Posted in Archive, January 2021

Hormones and Chronic illness

Hormones, they hit us out of the blue in puberty and never stop showing up no matter how much we hope they may just skip a month. Even before my diagnosis of Dystonia my monthly visits from the witch were awful.

During my teen years my periods were unpredictable; sometimes not showing up for months and sometime arriving every two weeks. They would leave me doubled over the toilet in the night throwing up from the cramps, and going through a pad in under an hour over and over again. I spent years visiting my then GP who told me all this was normal and that I needed to learn to deal with these symptoms. It was only then when I was studying for my midwifery course that I had the courage to go to a new gp who recognised my distress and referred me to gyny. One operation later and I was diagnosed with Endometriosis.

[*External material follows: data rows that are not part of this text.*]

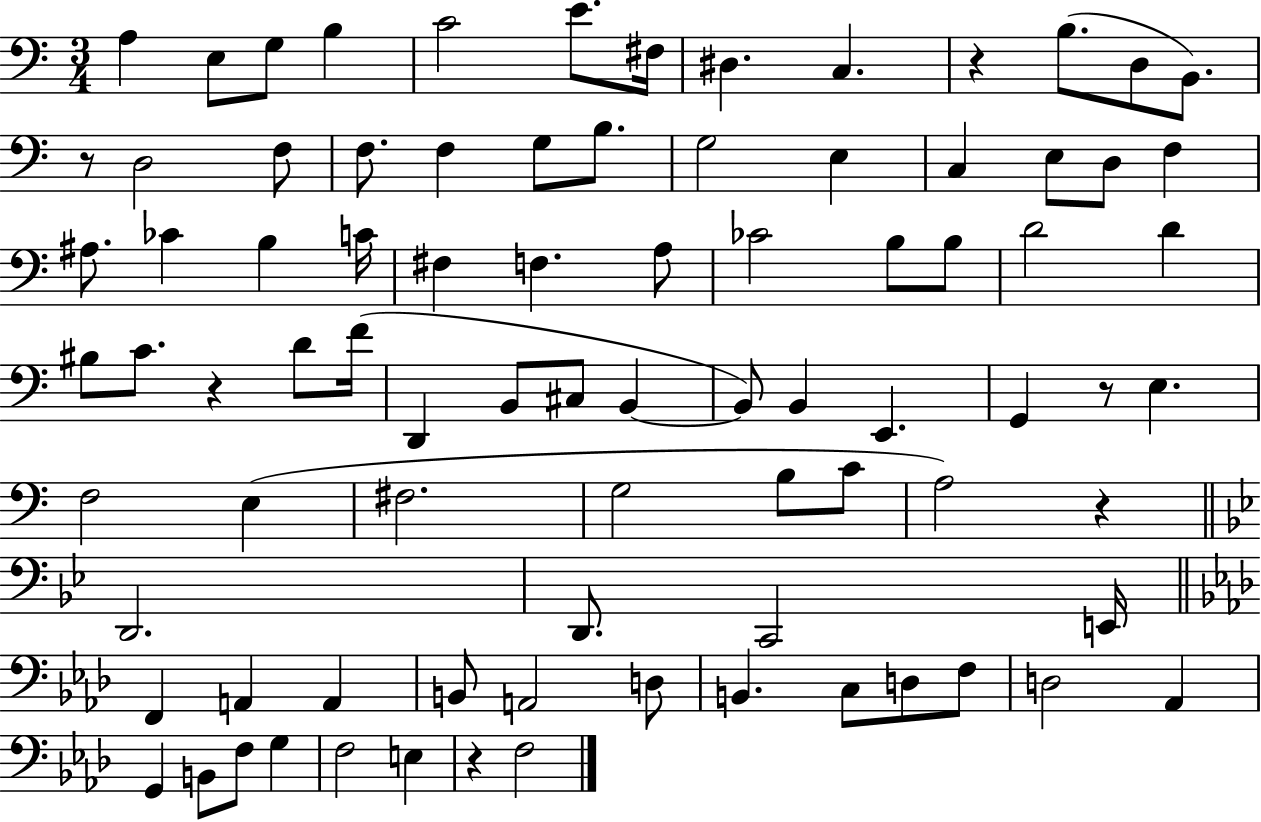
X:1
T:Untitled
M:3/4
L:1/4
K:C
A, E,/2 G,/2 B, C2 E/2 ^F,/4 ^D, C, z B,/2 D,/2 B,,/2 z/2 D,2 F,/2 F,/2 F, G,/2 B,/2 G,2 E, C, E,/2 D,/2 F, ^A,/2 _C B, C/4 ^F, F, A,/2 _C2 B,/2 B,/2 D2 D ^B,/2 C/2 z D/2 F/4 D,, B,,/2 ^C,/2 B,, B,,/2 B,, E,, G,, z/2 E, F,2 E, ^F,2 G,2 B,/2 C/2 A,2 z D,,2 D,,/2 C,,2 E,,/4 F,, A,, A,, B,,/2 A,,2 D,/2 B,, C,/2 D,/2 F,/2 D,2 _A,, G,, B,,/2 F,/2 G, F,2 E, z F,2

Quote from Camran Nrzhat, ND.

Now my periods are worse than before and on average last 72 days. Yes you read that right. They last 72 days. Now normally they’d treat with a hormonal contraception to stop the period. Here’s where my health comes into play. My spasms, now I don’t know whether this is my Dystonia or EDS, but I can’t use any intrauterine device as the spasms physically reject it from my body which is fairly uncomfortable. The pill*/patch/injection all work on giving you progesterone however I am unfortunately one of those rare Ehlers Danlos suffers who can not tolerate this. The increase causes a dramatic increase in dislocations body wide.

*I am aware there are pills that are not just progesterone based however due to the fact I get daily migranes with aura I cannot take these as it increases my stroke risk.

Between the prolonged bleeding which leaves me severely anaemic (currently 3.1), the increase in spasms, dislocations, fatigue, it’s fair to say hormones really screw me over. So gentle hugs to all who also experience this. Remember chocolate always helps!

Posted in Archive, Novemeber 2020

Family Planning When Chronically Ill

Damon and I had always said right from the start of our relationship that we envisaged having three children. We both came from fairly large families, with him being the eldest of three, and myself the eldest of four children, so it seemed natural for us to imagine plenty of tiny feet running around creating havoc in the way only kids can. As my conditions were fairly well controlled when we met, the only issue with our forward planning was the fact that I had been told many years before at the age of 19, that I had severe endometriosis; to the point that they suspect I would be unable to conceive naturally and would need medical assistance to do so.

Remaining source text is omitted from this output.